British cyclist (1927–2018)

Robert Alan Geldard (16 April 1927 – 26 February 2018) was a British cyclist.

==Early life==
He was born in Rochdale, Lancashire. He left school at 14 and began to train as a commercial artist. As the Second World War was underway, at 17 he was recruited as a Bevin Boy (meaning that he was conscripted to work as a miner) which he continued until the start of 1948, when he returned to work as a commercial artist.

==Cycling career==
After the War, rationing was still a fact of life, but being a member of the 1948 Olympic squad, he received extra monthly food parcels which had been donated by the British Empire nations.

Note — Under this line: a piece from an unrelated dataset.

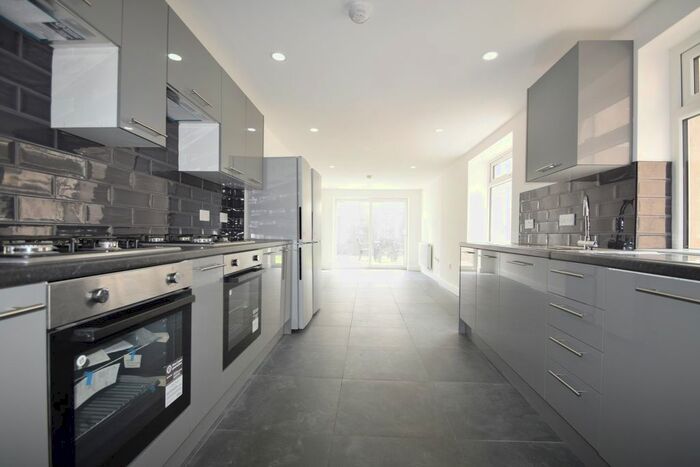 8 Bedroom Terraced House To Rent In Richards Street, Cathays, CF24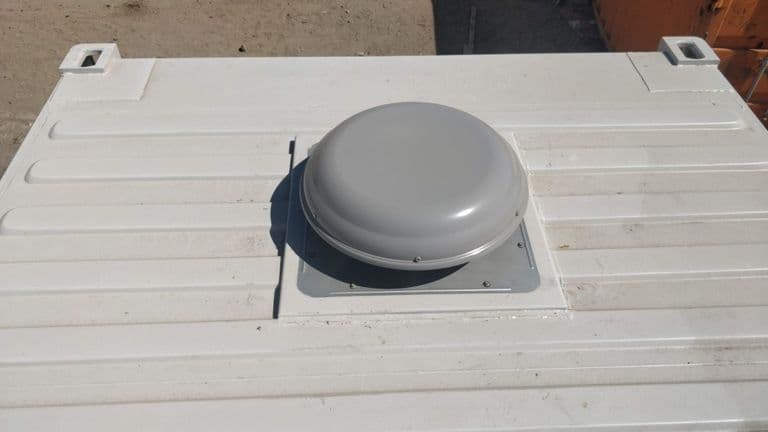 Power roof turbine vent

He won a bronze medal in the team pursuit at the 1948 Summer Olympics in London, together with David Ricketts, Tommy Godwin and Wilfred Waters. The team had to provide their own equipment. At the award ceremony, the organisers had forgotten to bring the medals to the track, so the winners were presented with flowers on the podium - Alan receiving his medal through the post a few weeks later. Alan had taken three weeks off his work as a commercial artist to train for the Games, and then got married a couple of weeks later. On his return, his employer sacked him for taking too much time off. “That was my reward for winning a medal for my country,” he said. Alan was selected to represent England in the 1950 Empire Games in New Zealand: he lost the chance of a medal when he punctured in his event.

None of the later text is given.